▶ Input records:
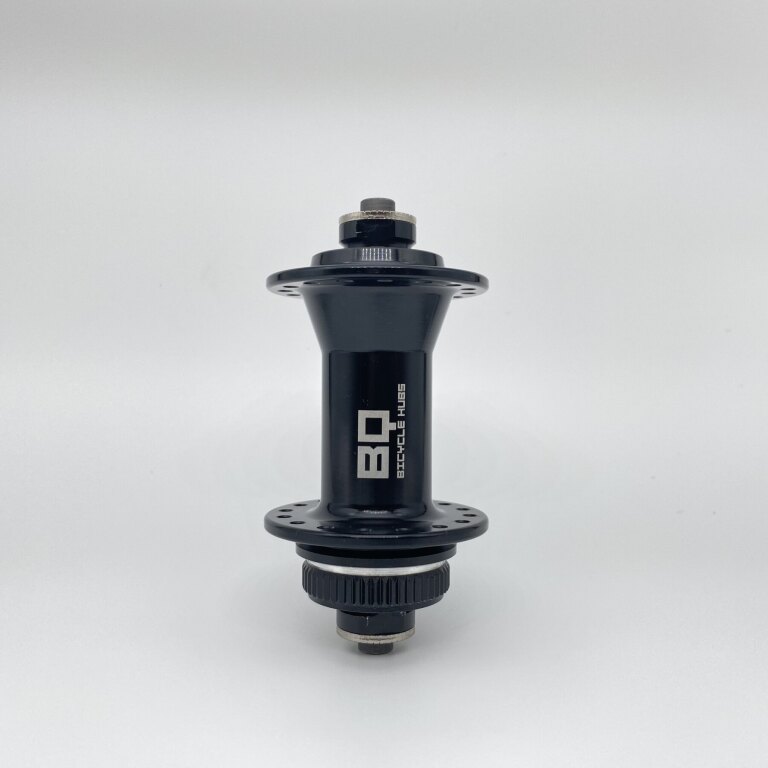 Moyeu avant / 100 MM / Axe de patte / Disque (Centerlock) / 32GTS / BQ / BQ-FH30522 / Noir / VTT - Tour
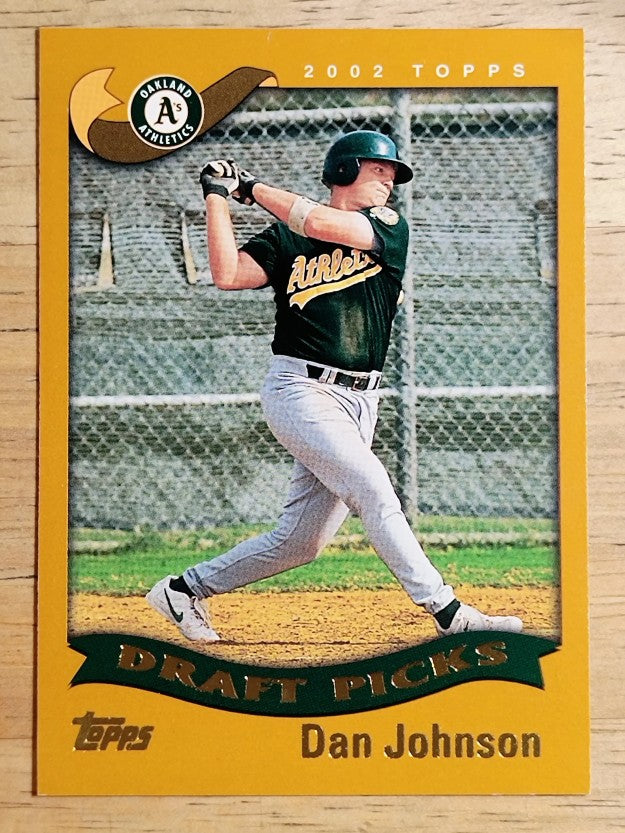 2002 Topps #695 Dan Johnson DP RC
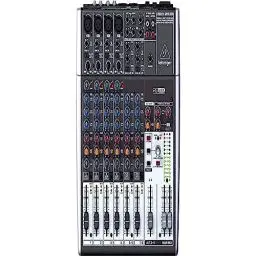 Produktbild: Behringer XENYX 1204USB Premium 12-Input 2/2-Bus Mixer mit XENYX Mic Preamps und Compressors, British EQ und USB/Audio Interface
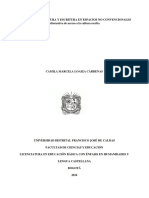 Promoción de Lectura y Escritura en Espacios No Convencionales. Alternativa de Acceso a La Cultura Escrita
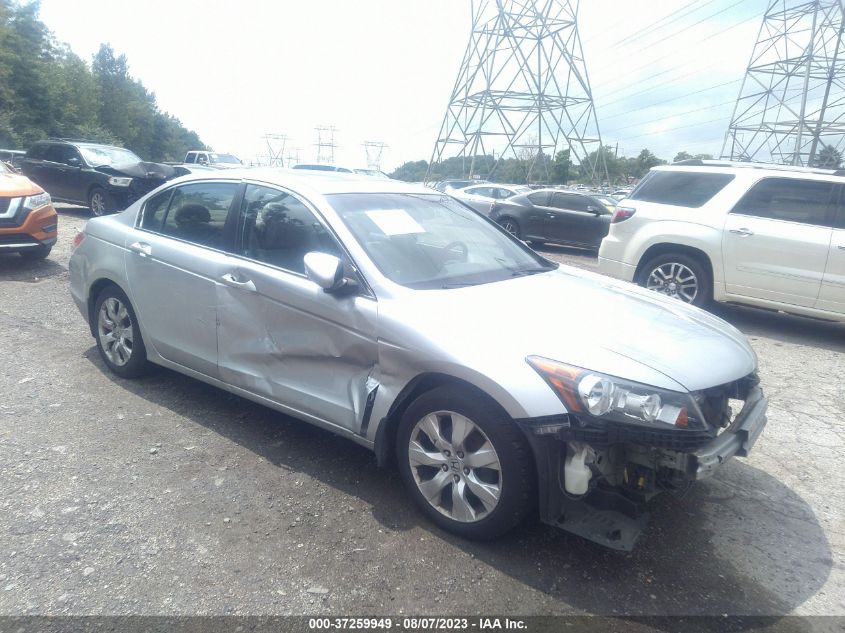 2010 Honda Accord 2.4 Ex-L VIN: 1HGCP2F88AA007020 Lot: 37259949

▶ What you will do: If the listing above includes images, copy every line of it exactly except those images.

▶ Task solution:
 Moyeu avant / 100 MM / Axe de patte / Disque (Centerlock) / 32GTS / BQ / BQ-FH30522 / Noir / VTT - Tour
 2002 Topps #695 Dan Johnson DP RC
 Produktbild: Behringer XENYX 1204USB Premium 12-Input 2/2-Bus Mixer mit XENYX Mic Preamps und Compressors, British EQ und USB/Audio Interface
 Promoción de Lectura y Escritura en Espacios No Convencionales. Alternativa de Acceso a La Cultura Escrita
 2010 Honda Accord 2.4 Ex-L VIN: 1HGCP2F88AA007020 Lot: 37259949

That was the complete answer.